United States Schubert: Sir Simon Keenlyside (baritone), Natalia Katyukova (piano), Reinberger Chamber Hall, Severance Hall, Cleveland, Ohio. 19.5.2019. (MSJ)
Schubert – Die Winterreise
The Cleveland Orchestra is fortunate to have a fine and beautiful facility in Severance Hall. If there is one part of the building that is underutilized, it is the exquisite gem in the basement, Reinberger Chamber Hall. Used mostly for pre-concert lectures, the room lives up to its big brother upstairs in terms of sound both clear and lovely. Sunday provided a rare and wonderful concert in the room, with Simon Keenlyside presenting Schubert’s Die Winterreise in advance of his performances of Sibelius songs with the orchestra the following weekend.
Die Winterreise is a dark and disturbing song cycle that traces the course of a man’s dissolution in the wake of a failed relationship. But other works in this manner, including Schubert’s own Die Schöne Müllerin, cannot compare to Die Winterreise for sheer level of devastation. The poetry by Wilhelm Müller is direct and stark, and it provoked Schubert to pen some of the most haunting music ever written.

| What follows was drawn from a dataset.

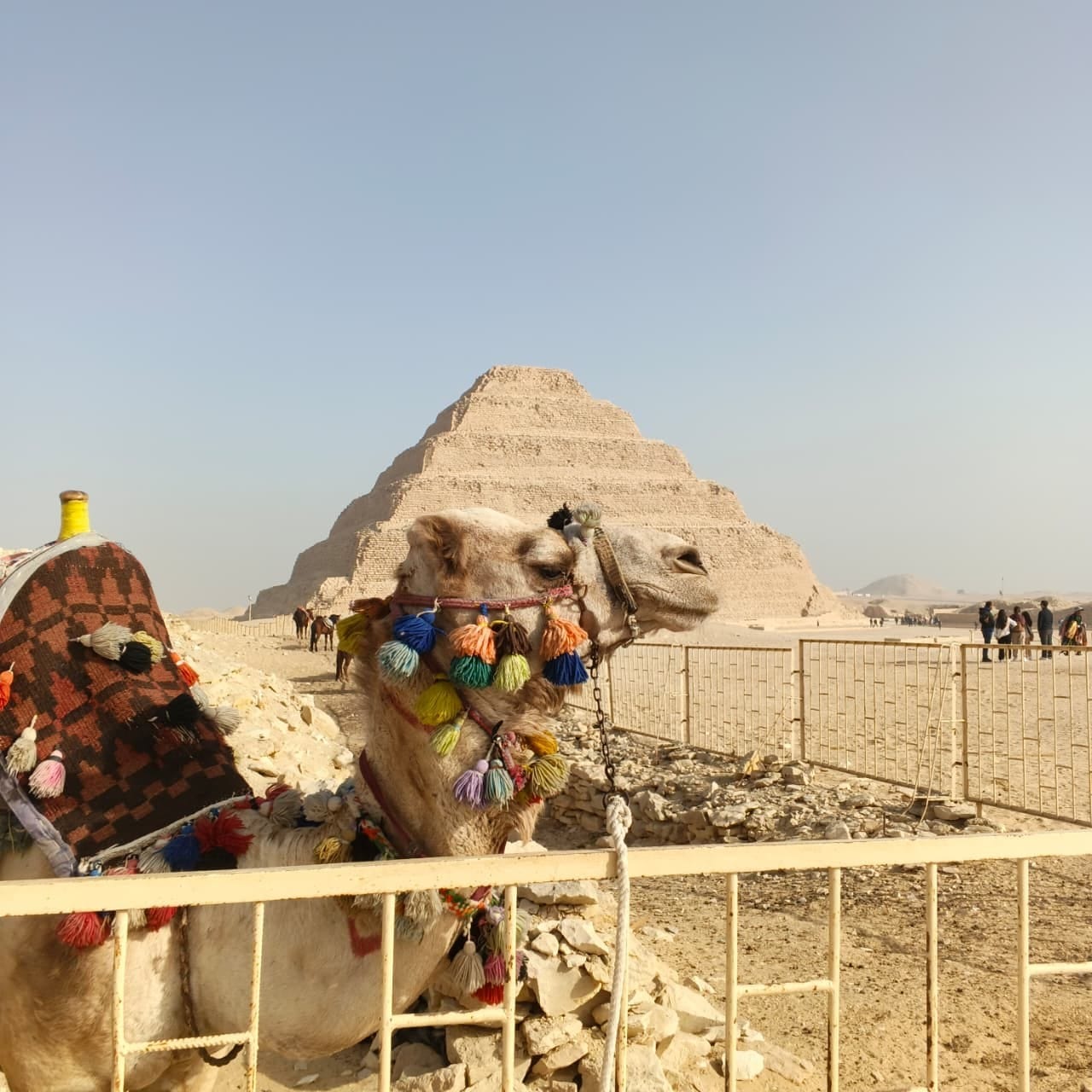 Increíble Tour Saqqara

Keenlyside didn’t just sing or perform, he lived the score. In a remarkably shrewd presentation, it came across as completely guileless, though it must have been carefully prepared. The singer paced the stage, yet never resorted to a fake acting-out of the text. There was no scenery representing the sights he sang about, yet one felt that Keenlyside was really seeing those things. He charted a course just shy of wildness.

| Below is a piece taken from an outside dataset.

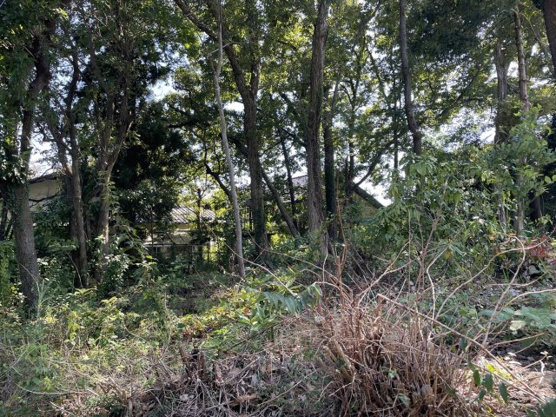 【外観】 | すいらん荘別荘地　売地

The baritone was by no means alone in his venture. Natalia Katyukova was a poised tiger at the piano, responding to the singer’s nuances with her own powerful inflections. One was never aware of two artists at work, because their shaping was unified in a single vision. One couldn’t tell which artist originated some of the inflections nor which one was cuing the beginning of many of the songs
Keenlyside was in excellent voice, running the range from coldly quiet to loudly storming. He pushed his voice hard enough to portray the narrator’s anguish, yet never quite past control. It was moving, though, because it always seemed like he risked being out of control—and that he had to. When Keenlyside reached ‘Das Wirtshaus’ (‘The Tavern’), the devastation was so complete, the listener could feel without question that the song about the traveler continued on, but the narrator had clearly entered a state of mind from which he would never return — devastatingly prophetic for both Wilhelm Müller and Franz Schubert, both of whom died young. The final ‘Der Leiermann’ (‘The Hurdy-Gurdy Man’) rightly teetered on the brink, leaving a frightening silence at the end.
One can only hope that the Cleveland Orchestra will offer more events like this, extras featuring incoming performers (or, for that matter, orchestra musicians) in the wonderfully intimate setting of Reinberger Chamber Hall.